We turned south for a 9-hour trip through the notoriously sketchy Pamlico Sound:

The Pamlico: What nasty water?

All morning Cara Mia's good-old Yanmar plugged along through dead calm. Chip and I traded one-hour shifts at the helm so we could alternately do chores and learn how to use the radar (a damned fine invention).

Chip thawed bread for lunch using our new "microwave," formerly the floor of the old life raft:


The breakdown came soon thereafter. No, not the engine, not the boat, not Chip. You know who that leaves.

I was cleaning up after lunch and found a tiny farewell note from a tiny girl, who dropped by Engelhard yesterday to see us off. A girl we've been with since the first minutes of her 20-month life. Those miniature pencil marks (to which she had given her entire attention) clobbered me with the full meaning of goodbye.

"I was trying to go the whole day without crying," I blubbered.

To help pull myself back together, I pulled out the staysail. Some 8 knots of breeze had kicked up, and I was anxious to accomplish at least one of my goals. We raised the jib and picked up .2 knots. The wind was almost dead ahead. We dropped the canvas and motored on.

This was not our first approach to Oriental. We came down by car many times over the last 8 years to look at boats for sale and sometimes merely to revel in a community focused on sailing, wandering around as pretenders. Over those years, we've maintained virtual citizenship via the local, cheeky news site, towndock.net, where Chip faithfully, daily peered through the harborcam, imagining adifferent life.

At 9 hours and 9 minutes, we were pulling into our slip in Oriental, when we heard someone nearby shout, "CHIP!!!"

The moment was captured on that harborcam Chip used to traffic:


A welcoming committee in Oriental? We don't know anyone here, and very few people knew we were sailing in.

We had three lines on the pilings before the shouters came running down the dock. With lines in hand, we turned to see Pete and Suzanne who bought our dear, old boat, Isabella.

"I can't believe it!" Suzanne said. "We never come to Oriental. Isabella is right across the water!"

Here came the tears again, this time I was not alone. Chip had joined me.

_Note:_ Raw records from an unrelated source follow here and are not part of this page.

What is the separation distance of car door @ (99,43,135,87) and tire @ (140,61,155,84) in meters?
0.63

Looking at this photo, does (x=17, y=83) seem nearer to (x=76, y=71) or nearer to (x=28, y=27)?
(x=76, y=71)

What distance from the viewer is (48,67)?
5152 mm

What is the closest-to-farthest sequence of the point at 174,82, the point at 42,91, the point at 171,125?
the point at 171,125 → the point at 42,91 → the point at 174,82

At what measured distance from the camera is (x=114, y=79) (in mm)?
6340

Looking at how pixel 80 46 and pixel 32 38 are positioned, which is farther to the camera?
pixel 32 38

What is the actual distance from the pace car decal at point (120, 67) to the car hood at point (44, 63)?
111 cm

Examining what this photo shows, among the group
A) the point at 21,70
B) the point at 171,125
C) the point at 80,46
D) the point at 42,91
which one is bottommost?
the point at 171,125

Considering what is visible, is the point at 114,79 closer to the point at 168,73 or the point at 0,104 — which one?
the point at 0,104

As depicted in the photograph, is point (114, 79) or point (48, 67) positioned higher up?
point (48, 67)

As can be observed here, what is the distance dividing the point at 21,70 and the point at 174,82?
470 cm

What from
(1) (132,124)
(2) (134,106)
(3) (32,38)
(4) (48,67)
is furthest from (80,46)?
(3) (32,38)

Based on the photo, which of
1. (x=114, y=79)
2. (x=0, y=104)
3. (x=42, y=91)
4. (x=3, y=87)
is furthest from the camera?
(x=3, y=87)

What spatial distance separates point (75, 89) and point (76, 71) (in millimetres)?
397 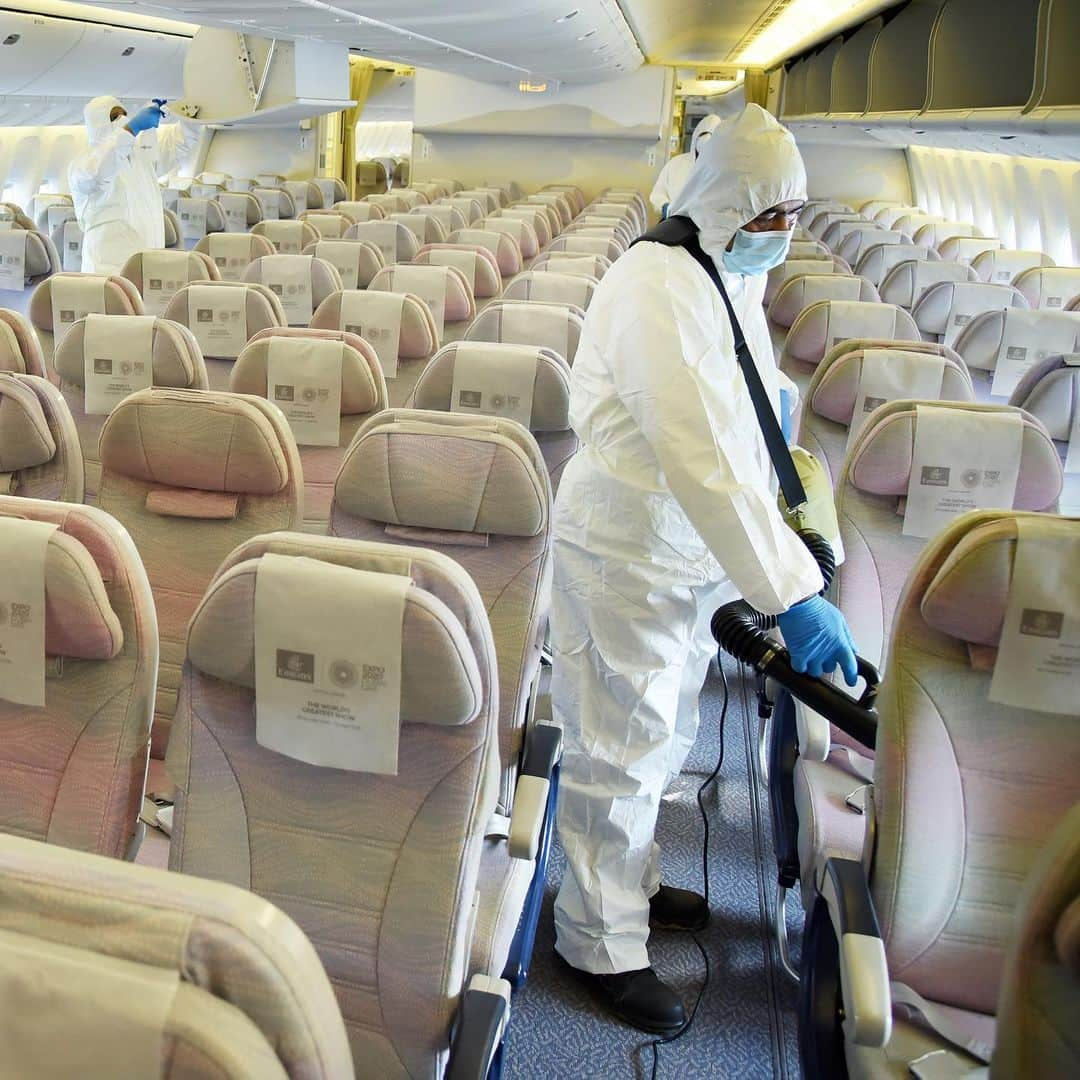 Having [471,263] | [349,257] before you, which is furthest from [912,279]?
[349,257]

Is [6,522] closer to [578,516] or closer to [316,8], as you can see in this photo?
[578,516]

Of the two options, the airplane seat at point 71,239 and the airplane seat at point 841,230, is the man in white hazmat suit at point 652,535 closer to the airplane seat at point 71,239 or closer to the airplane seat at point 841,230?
the airplane seat at point 71,239

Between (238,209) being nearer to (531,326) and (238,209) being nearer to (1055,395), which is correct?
(531,326)

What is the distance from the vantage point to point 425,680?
1.55 m

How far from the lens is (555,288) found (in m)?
5.26

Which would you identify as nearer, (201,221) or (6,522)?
(6,522)

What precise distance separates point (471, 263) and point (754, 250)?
14.9ft

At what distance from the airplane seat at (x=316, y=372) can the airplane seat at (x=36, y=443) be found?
62 centimetres

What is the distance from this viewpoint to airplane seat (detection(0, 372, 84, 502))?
106 inches

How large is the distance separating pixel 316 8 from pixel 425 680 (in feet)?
21.9

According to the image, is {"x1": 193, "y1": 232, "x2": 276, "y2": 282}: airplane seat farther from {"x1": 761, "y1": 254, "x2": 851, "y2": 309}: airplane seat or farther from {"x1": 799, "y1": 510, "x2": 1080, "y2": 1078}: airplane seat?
{"x1": 799, "y1": 510, "x2": 1080, "y2": 1078}: airplane seat

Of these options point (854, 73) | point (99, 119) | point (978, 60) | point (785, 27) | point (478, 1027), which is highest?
point (785, 27)

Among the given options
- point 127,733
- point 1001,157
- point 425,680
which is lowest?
point 127,733

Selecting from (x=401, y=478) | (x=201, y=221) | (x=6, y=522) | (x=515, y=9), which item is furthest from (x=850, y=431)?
(x=201, y=221) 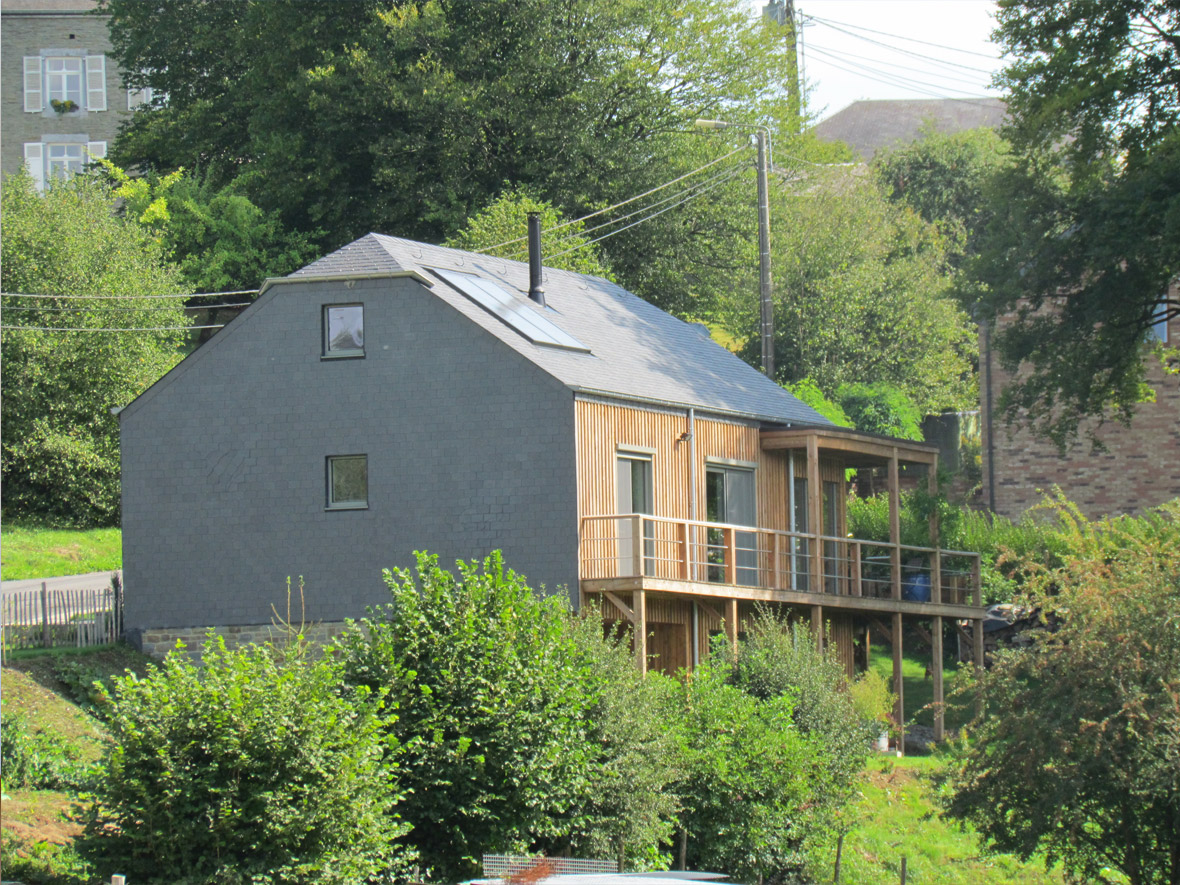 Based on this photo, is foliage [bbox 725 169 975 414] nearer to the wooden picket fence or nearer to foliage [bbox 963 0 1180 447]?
foliage [bbox 963 0 1180 447]

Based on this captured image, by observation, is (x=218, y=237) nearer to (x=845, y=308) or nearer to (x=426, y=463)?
(x=845, y=308)

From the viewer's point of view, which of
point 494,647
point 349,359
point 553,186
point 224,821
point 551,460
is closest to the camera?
point 224,821

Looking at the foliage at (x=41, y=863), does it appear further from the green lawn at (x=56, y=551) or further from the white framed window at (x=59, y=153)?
the white framed window at (x=59, y=153)

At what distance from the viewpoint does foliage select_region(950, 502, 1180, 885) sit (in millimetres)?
19609

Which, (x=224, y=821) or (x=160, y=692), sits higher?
(x=160, y=692)

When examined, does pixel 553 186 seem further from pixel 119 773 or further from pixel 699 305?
pixel 119 773

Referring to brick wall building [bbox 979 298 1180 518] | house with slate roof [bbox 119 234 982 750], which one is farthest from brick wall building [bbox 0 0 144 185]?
house with slate roof [bbox 119 234 982 750]

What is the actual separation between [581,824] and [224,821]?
16.3 feet

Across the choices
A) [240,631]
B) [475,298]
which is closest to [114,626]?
[240,631]

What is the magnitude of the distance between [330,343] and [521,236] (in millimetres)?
13848

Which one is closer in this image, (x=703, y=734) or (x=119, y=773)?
(x=119, y=773)

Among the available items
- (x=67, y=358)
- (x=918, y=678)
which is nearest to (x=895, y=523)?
(x=918, y=678)

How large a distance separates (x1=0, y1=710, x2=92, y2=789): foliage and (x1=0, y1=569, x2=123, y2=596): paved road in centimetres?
1338

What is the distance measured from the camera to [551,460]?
25.4 metres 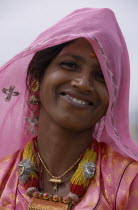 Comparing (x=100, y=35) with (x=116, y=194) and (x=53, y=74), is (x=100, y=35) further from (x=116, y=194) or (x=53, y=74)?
(x=116, y=194)

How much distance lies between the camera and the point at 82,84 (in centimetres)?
161

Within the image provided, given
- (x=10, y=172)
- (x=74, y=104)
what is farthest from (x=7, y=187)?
(x=74, y=104)

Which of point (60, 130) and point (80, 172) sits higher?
point (60, 130)

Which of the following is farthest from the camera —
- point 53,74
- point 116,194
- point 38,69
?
point 38,69

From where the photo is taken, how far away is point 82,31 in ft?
5.33

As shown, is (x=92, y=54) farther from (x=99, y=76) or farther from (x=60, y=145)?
(x=60, y=145)

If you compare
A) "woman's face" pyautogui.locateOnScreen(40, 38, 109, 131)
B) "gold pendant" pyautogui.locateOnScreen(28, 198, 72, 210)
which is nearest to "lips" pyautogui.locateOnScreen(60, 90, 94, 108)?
"woman's face" pyautogui.locateOnScreen(40, 38, 109, 131)

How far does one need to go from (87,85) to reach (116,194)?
1.34 feet

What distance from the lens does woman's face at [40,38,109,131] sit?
1639 millimetres

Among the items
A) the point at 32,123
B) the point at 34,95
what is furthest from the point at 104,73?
the point at 32,123

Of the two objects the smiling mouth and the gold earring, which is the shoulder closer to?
the smiling mouth

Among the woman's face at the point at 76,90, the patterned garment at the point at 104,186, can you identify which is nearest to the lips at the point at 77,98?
the woman's face at the point at 76,90

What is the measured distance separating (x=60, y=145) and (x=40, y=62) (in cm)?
35

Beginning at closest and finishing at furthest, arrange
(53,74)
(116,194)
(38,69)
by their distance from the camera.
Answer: (116,194), (53,74), (38,69) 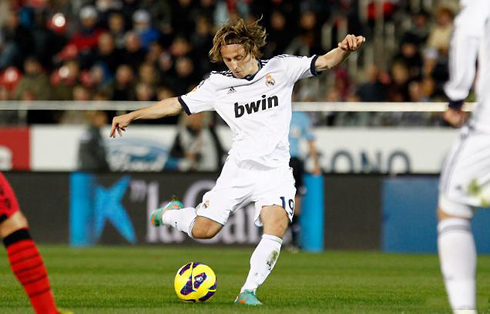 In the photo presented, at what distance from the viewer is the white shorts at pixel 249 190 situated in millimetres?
8906

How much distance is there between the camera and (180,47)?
19.0 meters

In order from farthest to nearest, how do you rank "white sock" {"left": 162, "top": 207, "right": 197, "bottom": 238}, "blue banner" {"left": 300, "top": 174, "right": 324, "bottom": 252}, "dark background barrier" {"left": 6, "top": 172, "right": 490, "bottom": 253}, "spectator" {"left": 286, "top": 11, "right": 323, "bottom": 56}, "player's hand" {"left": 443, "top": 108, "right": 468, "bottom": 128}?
1. "spectator" {"left": 286, "top": 11, "right": 323, "bottom": 56}
2. "blue banner" {"left": 300, "top": 174, "right": 324, "bottom": 252}
3. "dark background barrier" {"left": 6, "top": 172, "right": 490, "bottom": 253}
4. "white sock" {"left": 162, "top": 207, "right": 197, "bottom": 238}
5. "player's hand" {"left": 443, "top": 108, "right": 468, "bottom": 128}

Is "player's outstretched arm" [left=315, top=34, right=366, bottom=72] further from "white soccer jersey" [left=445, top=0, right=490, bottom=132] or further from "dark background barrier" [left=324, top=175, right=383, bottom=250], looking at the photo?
"dark background barrier" [left=324, top=175, right=383, bottom=250]

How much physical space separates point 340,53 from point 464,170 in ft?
9.09

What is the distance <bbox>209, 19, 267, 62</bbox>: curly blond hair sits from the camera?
8828mm

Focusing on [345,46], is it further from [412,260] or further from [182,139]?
[182,139]

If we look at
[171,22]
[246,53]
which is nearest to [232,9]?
[171,22]

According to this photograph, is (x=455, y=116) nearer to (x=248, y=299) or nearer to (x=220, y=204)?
(x=248, y=299)

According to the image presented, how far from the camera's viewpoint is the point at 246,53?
352 inches

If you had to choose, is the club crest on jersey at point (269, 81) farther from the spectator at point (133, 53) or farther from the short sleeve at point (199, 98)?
the spectator at point (133, 53)

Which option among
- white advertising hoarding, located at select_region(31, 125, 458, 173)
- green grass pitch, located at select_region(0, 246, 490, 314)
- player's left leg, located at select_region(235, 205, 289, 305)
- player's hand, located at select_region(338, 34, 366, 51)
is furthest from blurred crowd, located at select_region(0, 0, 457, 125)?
player's hand, located at select_region(338, 34, 366, 51)

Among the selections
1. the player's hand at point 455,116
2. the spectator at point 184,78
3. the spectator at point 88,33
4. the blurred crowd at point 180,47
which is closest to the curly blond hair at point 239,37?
the player's hand at point 455,116

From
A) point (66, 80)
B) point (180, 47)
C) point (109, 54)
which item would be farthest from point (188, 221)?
point (109, 54)

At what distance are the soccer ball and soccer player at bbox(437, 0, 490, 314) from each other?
292cm
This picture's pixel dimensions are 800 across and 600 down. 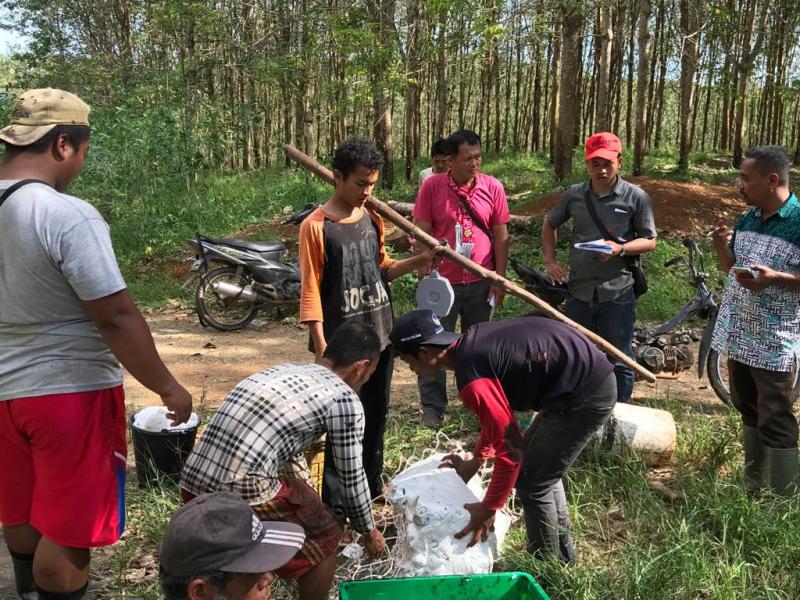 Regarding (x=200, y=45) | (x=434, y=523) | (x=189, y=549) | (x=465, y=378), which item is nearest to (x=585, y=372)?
(x=465, y=378)

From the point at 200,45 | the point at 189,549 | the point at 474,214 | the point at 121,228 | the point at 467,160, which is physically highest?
the point at 200,45

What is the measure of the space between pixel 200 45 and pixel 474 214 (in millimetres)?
17372

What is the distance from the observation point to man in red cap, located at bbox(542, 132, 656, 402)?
398 cm

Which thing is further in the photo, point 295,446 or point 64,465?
point 295,446

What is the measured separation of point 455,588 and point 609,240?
2384 mm

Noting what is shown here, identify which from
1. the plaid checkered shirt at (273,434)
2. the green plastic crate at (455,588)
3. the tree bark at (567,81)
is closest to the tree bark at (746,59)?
the tree bark at (567,81)

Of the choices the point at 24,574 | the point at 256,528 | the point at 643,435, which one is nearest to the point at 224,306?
the point at 643,435

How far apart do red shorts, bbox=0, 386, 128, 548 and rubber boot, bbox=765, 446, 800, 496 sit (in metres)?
2.88

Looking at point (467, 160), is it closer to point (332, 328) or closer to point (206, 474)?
point (332, 328)

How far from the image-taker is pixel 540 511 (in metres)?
2.77

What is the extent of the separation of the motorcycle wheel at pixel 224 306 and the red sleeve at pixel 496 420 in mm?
5264

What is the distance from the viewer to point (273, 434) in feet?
7.37

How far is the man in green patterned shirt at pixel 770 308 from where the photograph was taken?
10.2 feet

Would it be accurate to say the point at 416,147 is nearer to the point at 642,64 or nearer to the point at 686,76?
the point at 686,76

But wait! The guy on the boat across the finger dock, 6 feet away, shouted out, "Hey, I have a dinghy that's Island Packet beige!"

We looked where he pointed atop his trawler to see a beige Trinka dinghy the exact same color as our boat.

"My son just bought it."

Chip and I looked at each other. I haven't asked what he was thinking, but I was just thinking, no way. NOT POSSIBLE.

Chip asked, "Did he get it in South Carolina?"

"Yes."

"Did he buy it from someone named Marvin Day?" I asked.

"How did you know?"

Marvin Day was the owner of an Island Packet named Good Company, now known as Cara Mia.